Shake Shack makes money through a percentage of sales at the licensed partners’ restaurants, and through territory fees, “payment for the exclusive right to develop Shacks in a specific geographic area.”

In 2023, the company’s licensing revenue rose 30.4 per cent to US$40.7 million from US$31.2 million the previous year.

The Canadian fast-food sector is crowded, but restaurants can differentiate by what they offer, what they charge, the time of day they target and where they're located, Satov said. The industry is also fairly "recession proof," he noted. Someone might not buy a luxury sweater because of money concerns, but "they're still gonna get their coffee every day on the way to work."

There’s a lot of segmentation in the burger market, and Shake Shack is likely targeting a premium niche with a handful of outlets in very strategic locations in Canada’s major cities, retail analyst Bruce Winder told Yahoo Finance Canada.

“They're not trying to get growth at all costs,” he said. “They're trying to grow in a nice profitable way where they can keep a nice premium price point, and not sort of get down and dirty with the other quick-serve restaurants on price.”

Interest in premium burgers has grown in recent years, Winder says, and younger consumers “seem willing to pay more for … something that's different than McDonald's or Burger King.”

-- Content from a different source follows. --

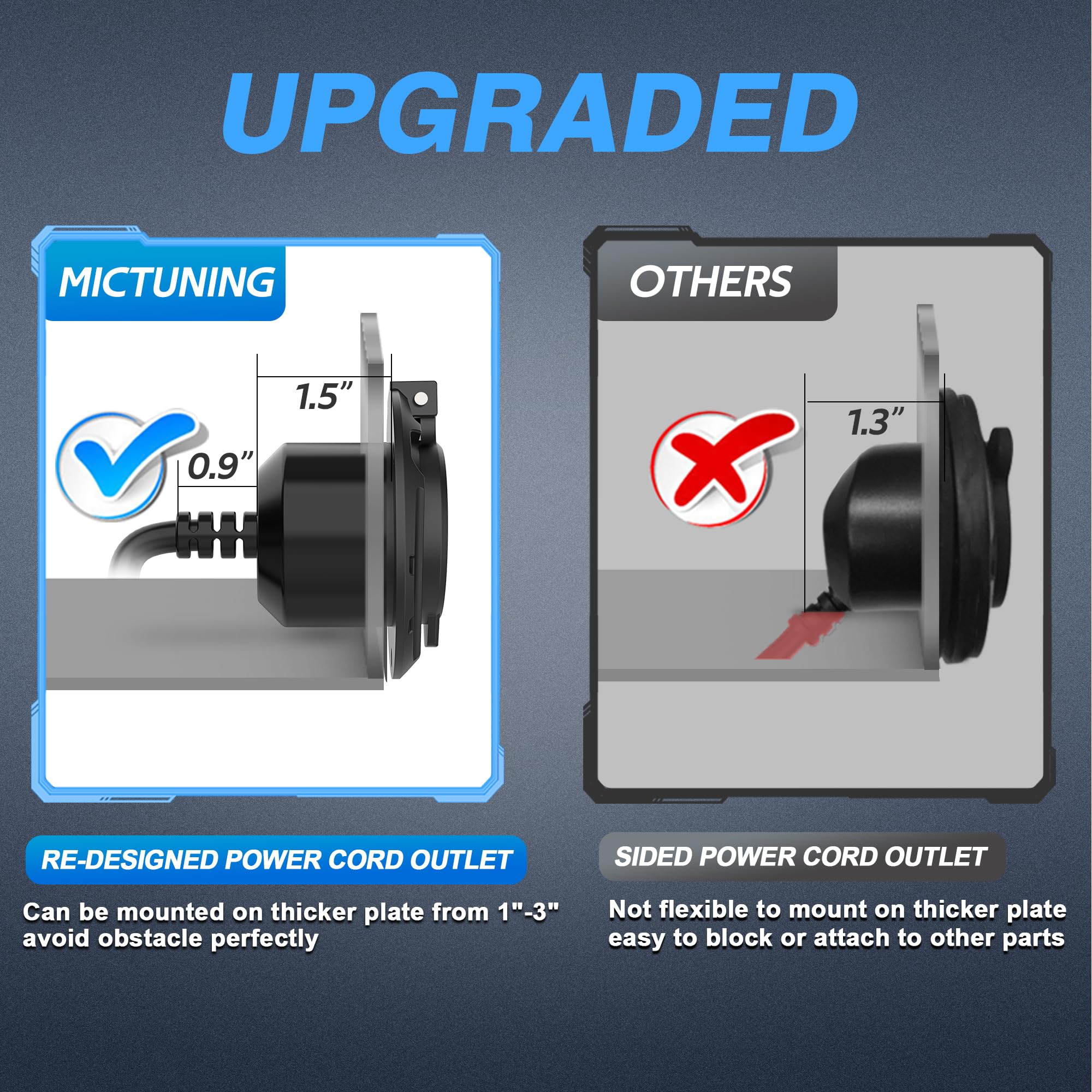 Mictuning 10A-15A Ac Port Plug, 125V Power Inlet Socket With Integrated 20-Inch Extension Cord & Waterproof Auto Shut Cover, Cab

It would take a lot more to catch the interest of those QSR giants than Shake Shack’s plans to reach 35 outlets in Canada over a decade, Satov said. “If a food retailer came in and said ‘We're opening 1,000 locations and 700 of them are going to be within 500 feet of a Tim Hortons,’ that would be interesting.”

But the “hyper-local” nature of QSRs means a Shake Shack could theoretically have an impact on an existing restaurant within a block or two, but not much beyond that, Satov says. “The draw radius for QSR is not the same as it is for a movie theatre. It's not the same as it is for an apparel retailer. It's not the same as it is even for a large mass retail at Walmart or Canadian Tire.”